The General Labour Law (2/00) applies to all categories of worker. Both the General Labour Law and the new General Labour Law (7/15) exclude from the scope of application the following categories of worker:
- employees hired on a permanent basis by the diplomatic or consular representatives of other countries, or at the service of international organisations, who perform their activities within the scope of the Vienna Convention;
- members of cooperatives and non-governmental organisations whose employment is regulated by the organisation’s articles of association or, if there are none, by the Commercial Law;
- family employees;
- occasional workers;
- consultants and members of the administration or directorship bodies of companies or social organisations provided that they carry out only tasks that are inherent to such positions without any subordination pursuant to an employment contract; and
- public servants or employees performing their professional activity within the public, central or local administration, in a public institution or in another government agency.
Foreign non-resident (expatriate) employees are subject to specific statutes; however, the General Labour Law applies to them on a complementary basis.
Are there specific rules regarding employee/contractor classification?
Yes. Article 3.3 of the new General Labour Law (7/15) defines an ‘employment contract’ as “a contract whereby an employee undertakes to make available his professional activity to an employer’s benefit, within its relevant organization and under its guidance and authority, in consideration for remuneration”. The definition of ‘employee’ is set out in Article 3.27 of the same law: “Any natural person, national or foreign resident, who freely undertakes to make his professional activity available to an employer, in consideration for remuneration, within the employer’s organization and under its authority and guidance.”
Under Article 1154 of the Civil Code, a ‘services agreement’ is the “agreement whereby one of the parties undertakes to make available the result of his/her intellectual or manual work, with or without pay”.
Must an employment contract be in writing?
No. However, certain specific types of employment contract (eg, fixed-term employment contracts and training contracts) must be in writing.
Are any terms implied into employment contracts?
Yes. For example, employment contracts for an unlimited term are always subject to an implied probation period of 60 days.
Are mandatory arbitration/dispute resolution agreements enforceable?
Under the General Labour Law (2/00), all labour disputes fall under the sole jurisdiction of the provincial labour courts. Any agreements providing for alternative means of dispute resolution are invalid and unenforceable.
Once the new General Labour Law (7/15) comes into force on September 15 2015, agreements to arbitrate will be valid and enforceable. However, all arbitration proceedings will be subject to the procedural rules set out by the law. Conciliation and mediation proceedings will also be possible before the General Inspectorate of Labour Services and the Public Attorney’s Office.
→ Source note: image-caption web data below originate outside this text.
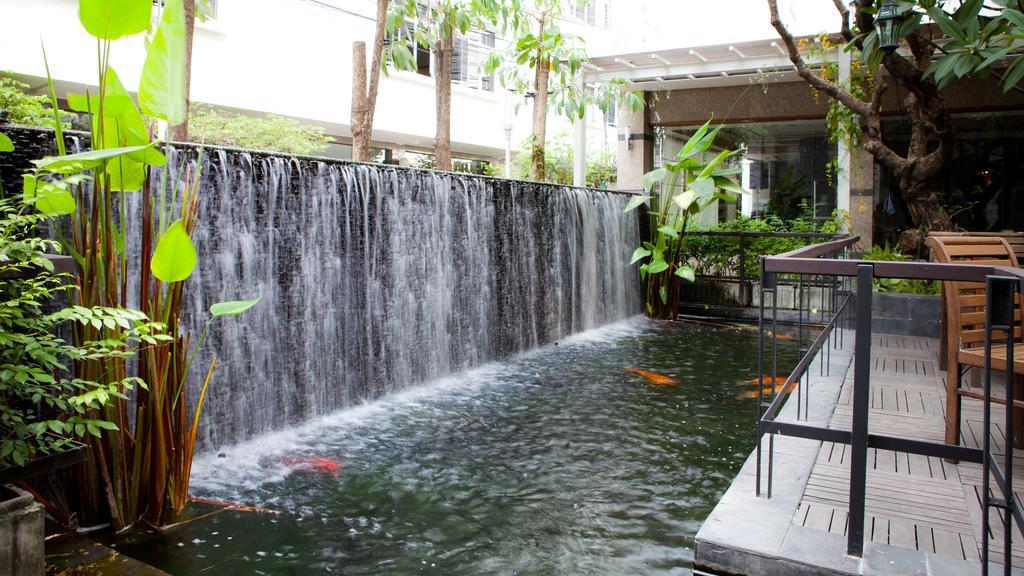 Trang Hotel Bangkok - Sha Plus Exterior foto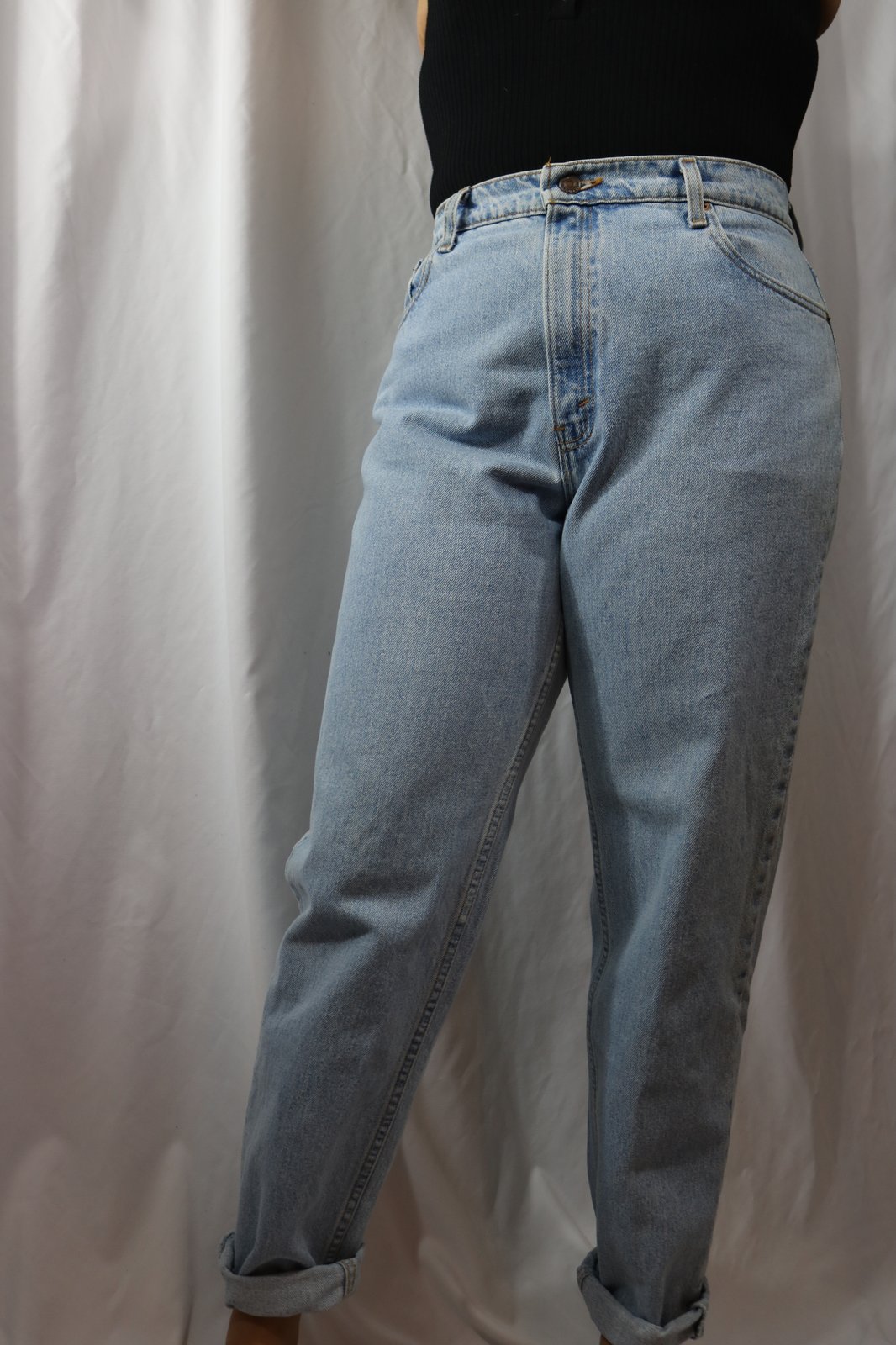 light wash mum jeans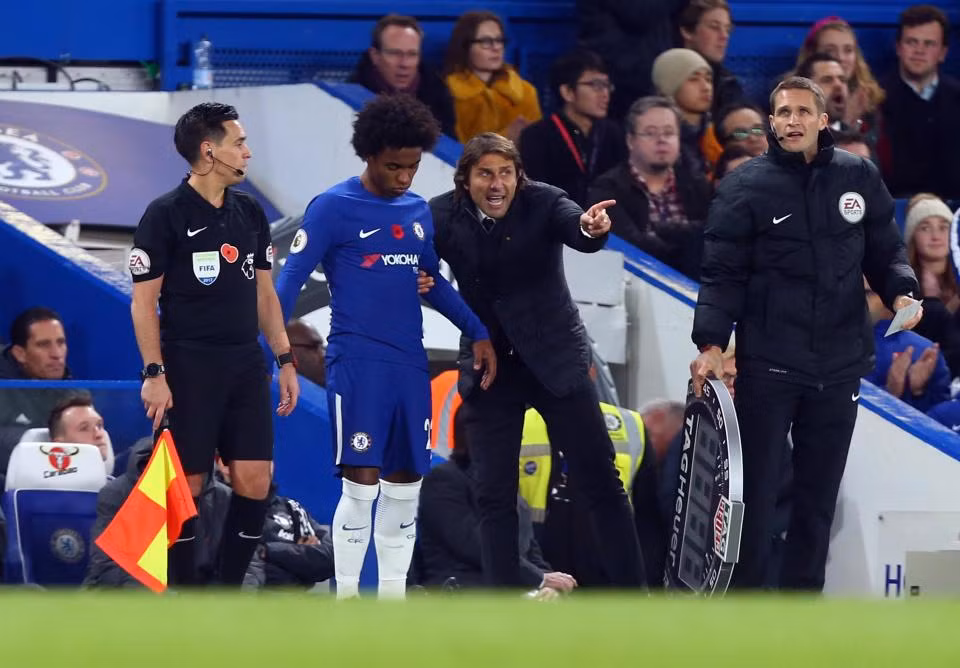 Biết tin Willian định tháo chạy khỏi London, HLV Mourinho lập tức giang tay chào đón, sẵn sàng trả cho Chelsea 40 triệu bảng để có được sự phục vụ của cậu học trò cũ.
How can employers make changes to existing employment agreements?
In general, employers may make unilateral amendments to existing employment agreements if this prerogative has not been expressly excluded by the employment contract or a legal provision. The new General Labour Law (7/15) grants employers broader prerogatives to vary certain aspects of the employment relationship unilaterally (eg, workplace and working hours).
Is a distinction drawn between local and foreign workers?
Yes. National and foreign resident employees (ie, foreign citizens holding a residency permit) are subject to the same rules on recruitment, hiring and termination as set out by the General Labour Law (2/00). Foreign non-resident employees (ie, foreign citizens holding a work visa) may be hired only on a fixed-term basis (ranging from three to 36 months) and are subject to recruitment and hiring requirements, plus specific immigration restrictions.